Problem description: Reproduce from the records below, with no pictures, exactly the lines between the one containing "You plug it" and the one containing "This method is", inclusive.

[Saved entries]
== Segment start ==

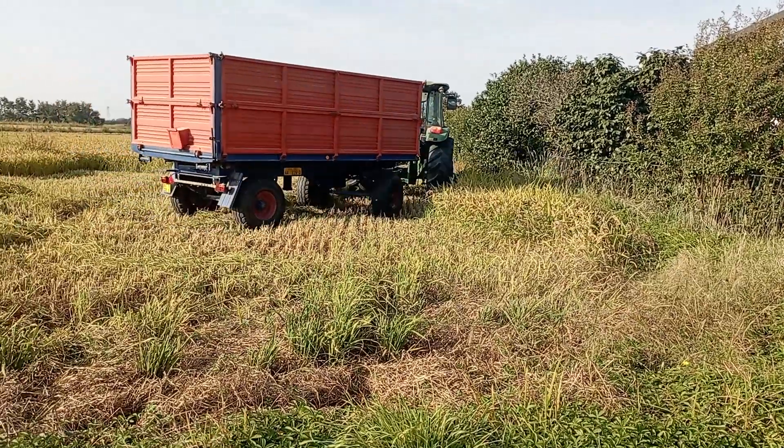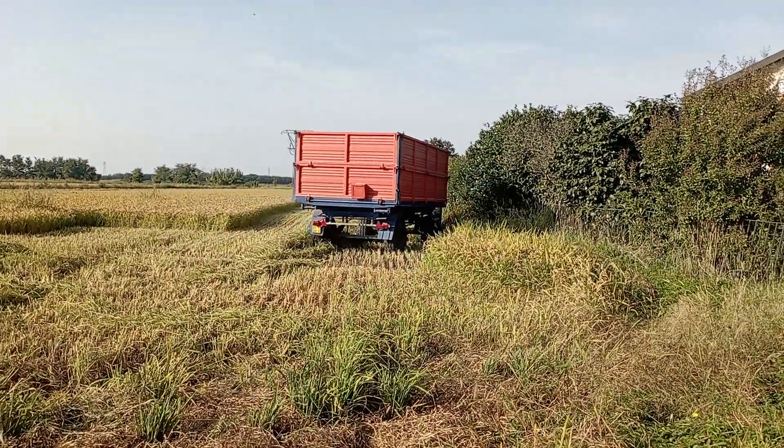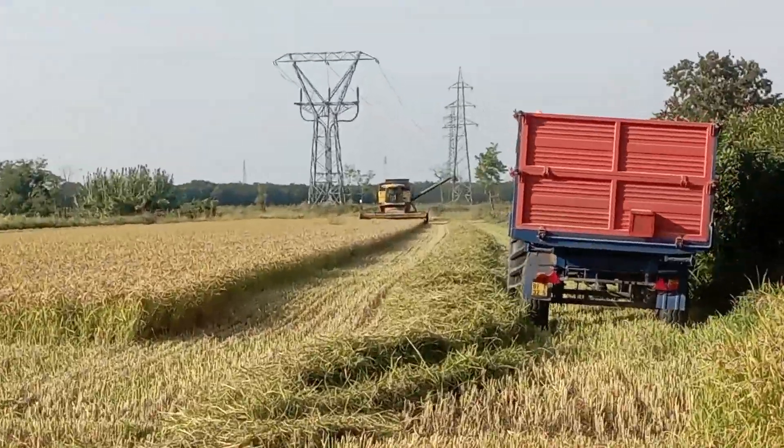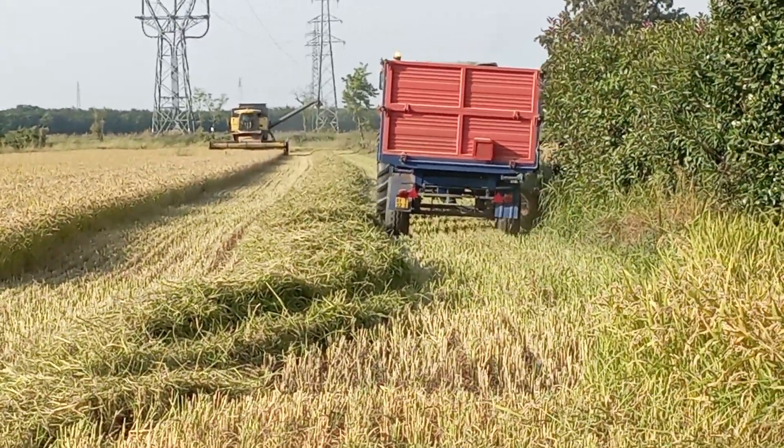Then there is another tractor with the embellion that makes the pad. They make the pad and then the trebbia goes to charge.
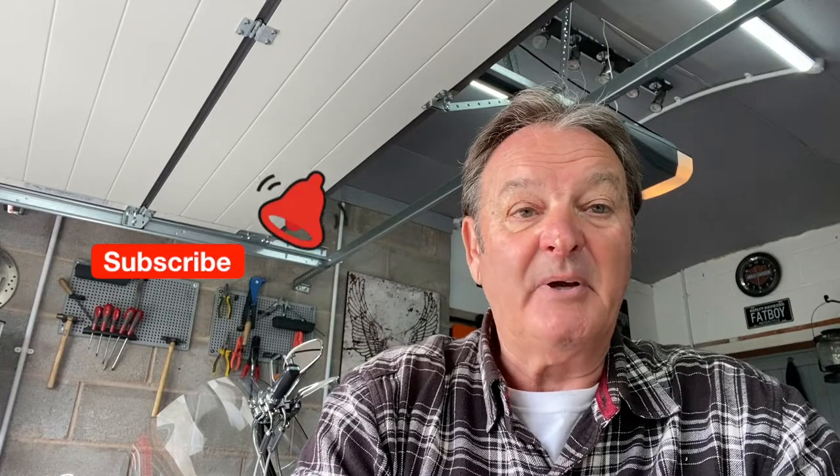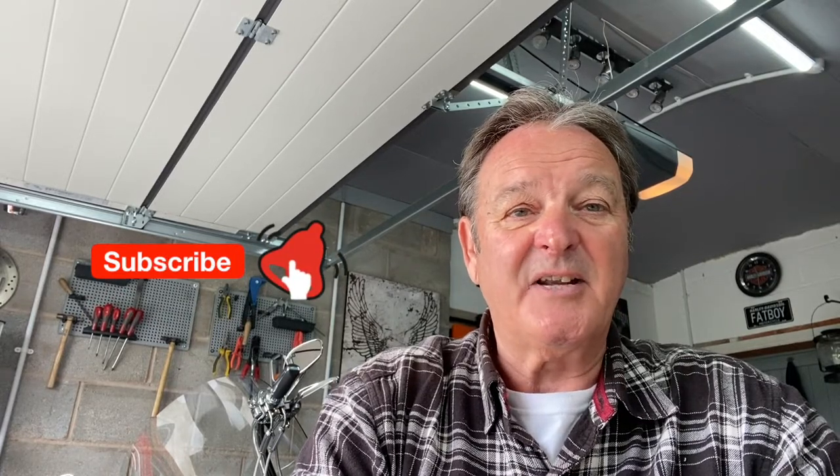Hello and welcome to the channel, Seen with Chips. If you've been here before, welcome back. If you haven't, please consider subscribing and pressing the bell button so that you can see the videos that I'm making throughout the year.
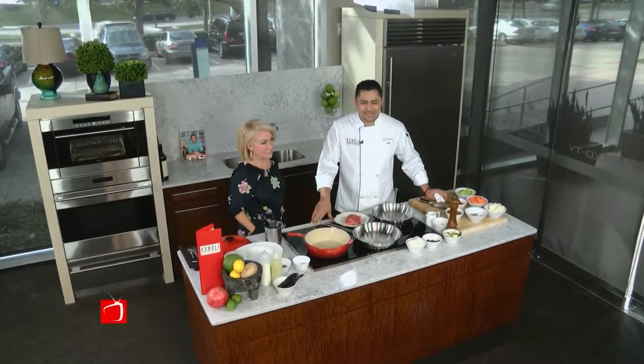Welcome back to the Sub-Zero Wolf Bitwood Kitchen. We're here with Chef Julio from Kamali, one of the greatest restaurants in Dallas, to hear all about what's happening at one of the best restaurants in Dallas. It's good to have you in.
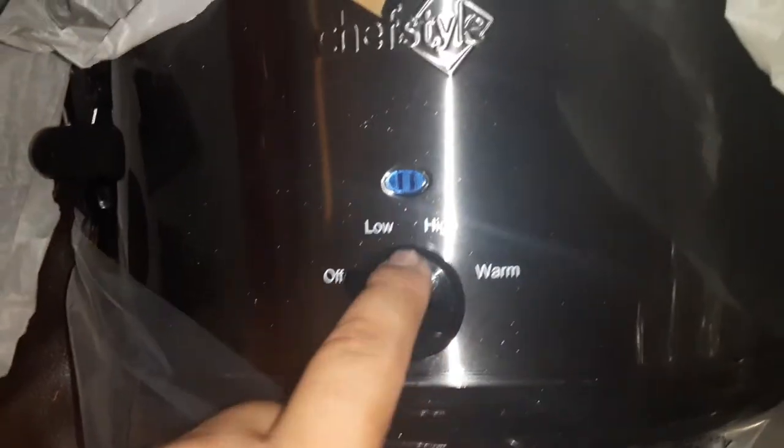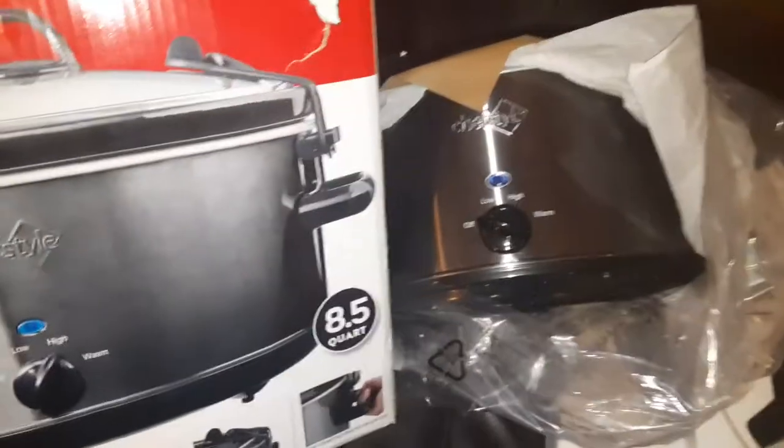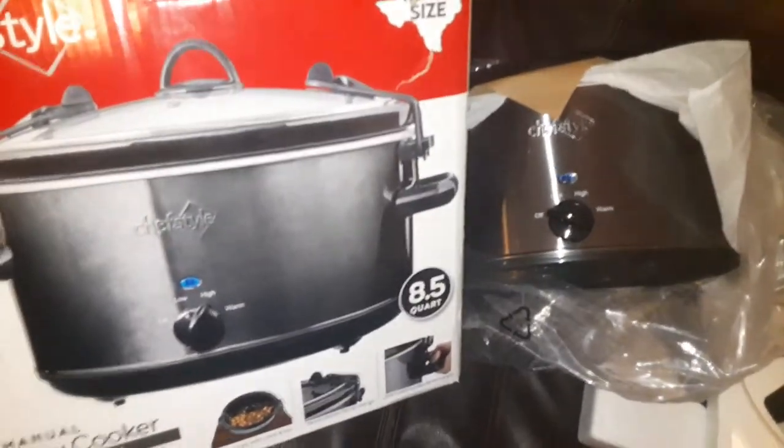You plug it in, and here are the knobs on the side — low, high, or warm. That's what it is. Like, subscribe, and share!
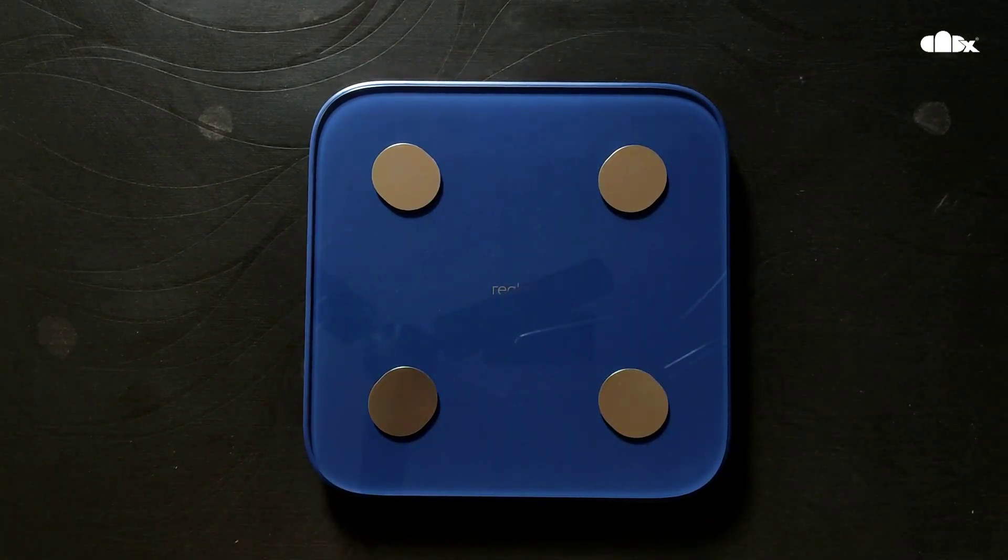This product supports a range from 50 grams to 150 kg, so it is really good for checking light weights as well as your own body weight.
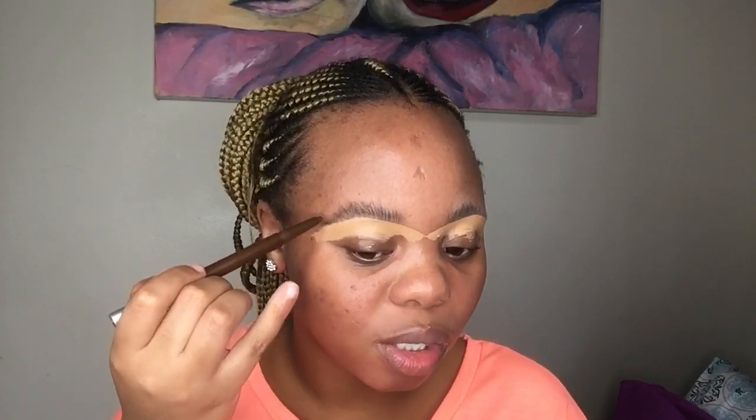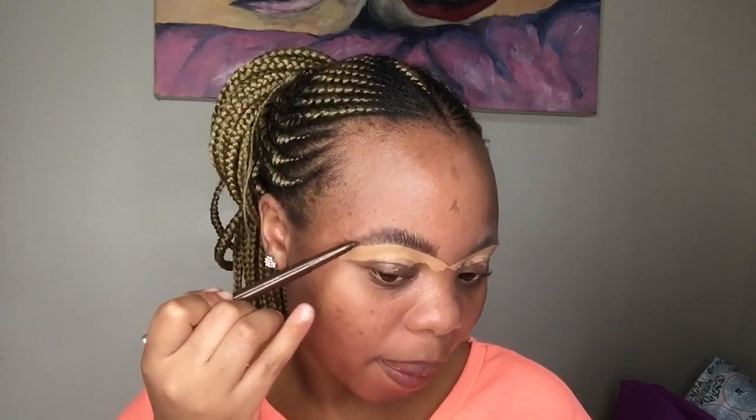This method is also good for the trending bushy brow — please tell me in the comments if you'd like a video on that, because you would need to change products and not use a pencil. You have to go very light with the pencil. I have a heavy hand, so I know it looks dark on camera, but it's actually very light.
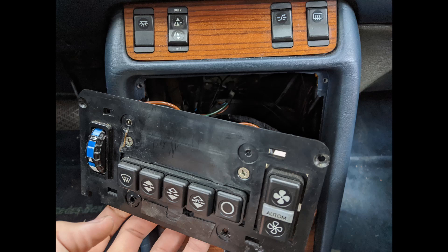Once you've taken those screws out, you'll be able to lift up on the climate control unit and pull it out towards you. It has two little catches on the bottom, so as long as you're lifting and pulling it out, it'll come out flawlessly.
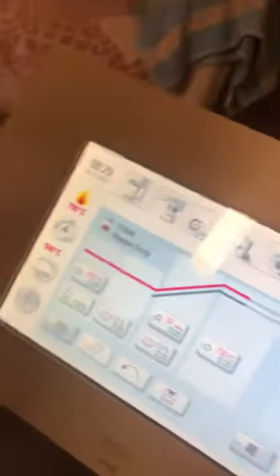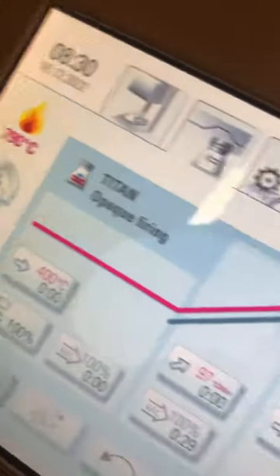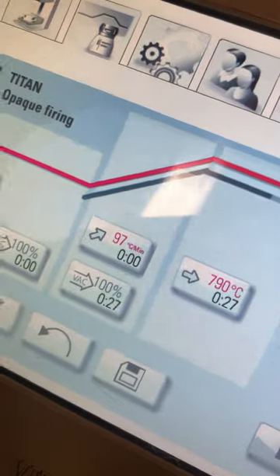This machine is operating. Pressure is 760. Vacuum 100%. And it is rising phase.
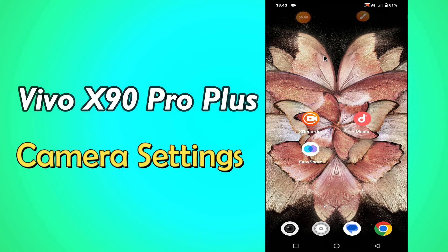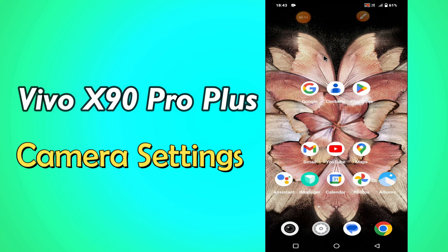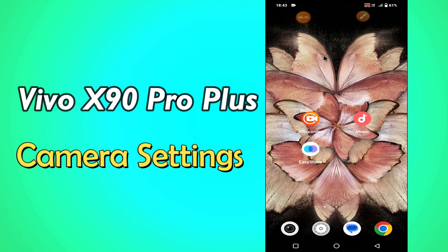Hello everyone, hope you are doing great. Welcome to my YouTube channel. In my today's video, I will be telling you about the camera settings and features of Vivo X90 Pro Plus.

== Segment end ==

Your solution:
You plug it in, and here are the knobs on the side — low, high, or warm. That's what it is. Like, subscribe, and share!
This product supports a range from 50 grams to 150 kg, so it is really good for checking light weights as well as your own body weight.
This method is also good for the trending bushy brow — please tell me in the comments if you'd like a video on that, because you would need to change products and not use a pencil. You have to go very light with the pencil. I have a heavy hand, so I know it looks dark on camera, but it's actually very light.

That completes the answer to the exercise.